For around 160 years during the 16th and 17th centuries Whitehall Palace was the main London home of the monarchs but in 1689 the royal residence moved to Kensington. Hyde Park was reduced by 300 acres to around half its size in 1727 when Queen Caroline, wife of George II, enlarged the gardens of Kensington Palace. A dividing ditch known as a ‘ha-ha’ separated the park and the garden. Hyde Park remained open to the public. Kensington Gardens became a private space for the royal family and their guests, only gradually opening to the public from the end of the 18th century. The ha-ha boundary was dispensed with during the 19th century and thus the two parks were effectively reunited in all but name.

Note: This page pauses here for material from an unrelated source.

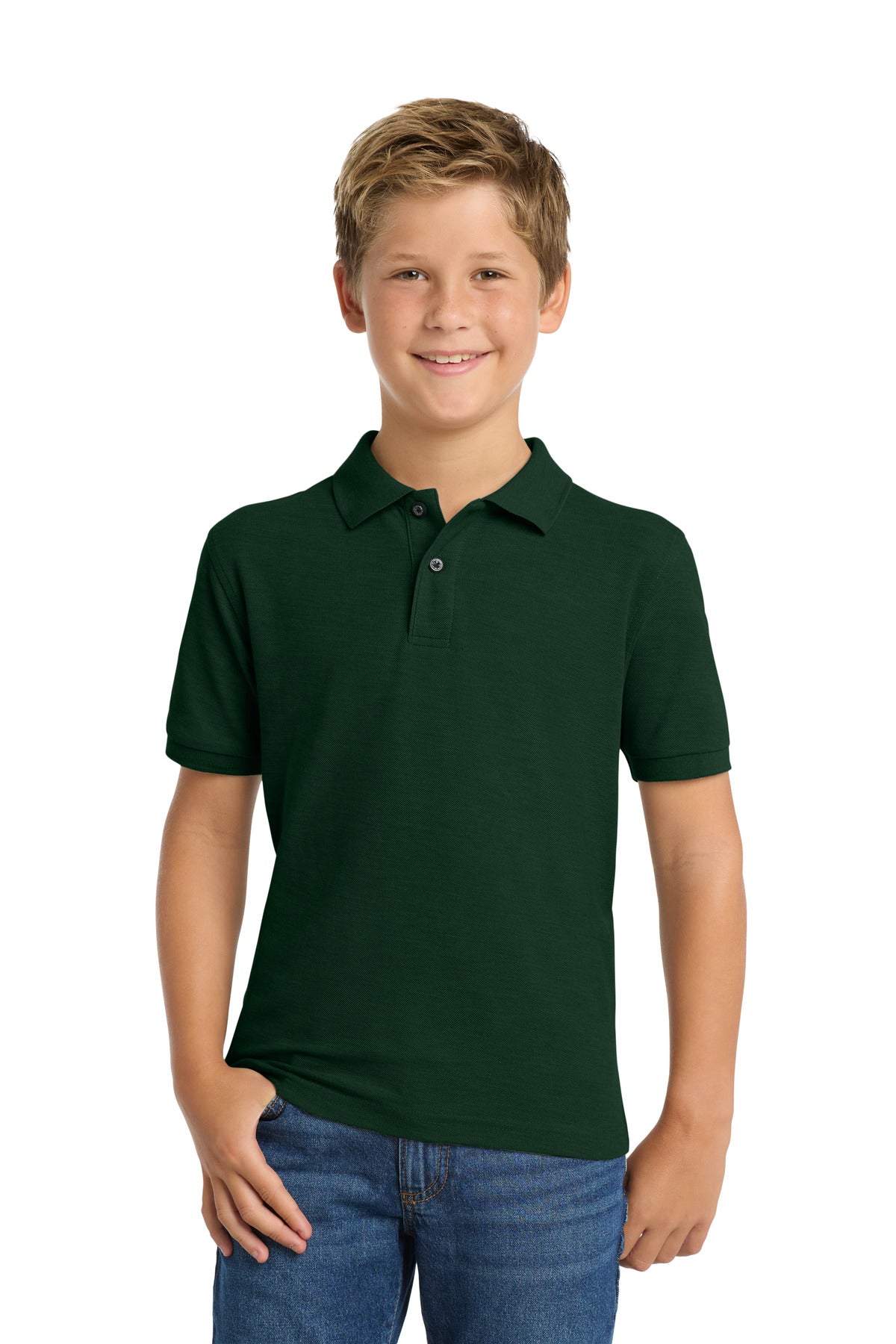 Port Authority Youth Silk Touch Polo - Dark Green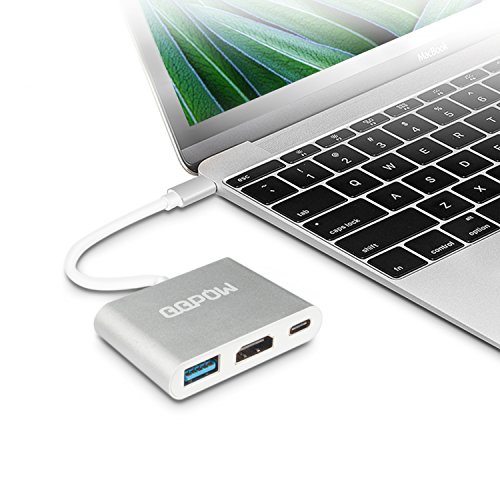 QQPOW Typ C USB 3.1 Hub mit HDMI Unterstützung 4K Vision Output Charge Port für Macbook, Google Chromebook Pixel und Typ C Geräte (HDMI+USB3.0+Type-C, golden) - 4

Caroline had the Serpentine lake created by damming the Westbourne Brook, which was completed in 1733, to provide a scenic view from their palace garden. The eastern section of the lake (the Serpentine) is in Hyde Park, while the western section (the Long Water) is in Kensington Gardens. The Serpentine Bridge marks the boundary between the two parts. (The Westbourne continues its journey down to the Thames through Chelsea. It has long been covered over but the conduit through which it flows can be seen passing above the tracks at Sloane Square station).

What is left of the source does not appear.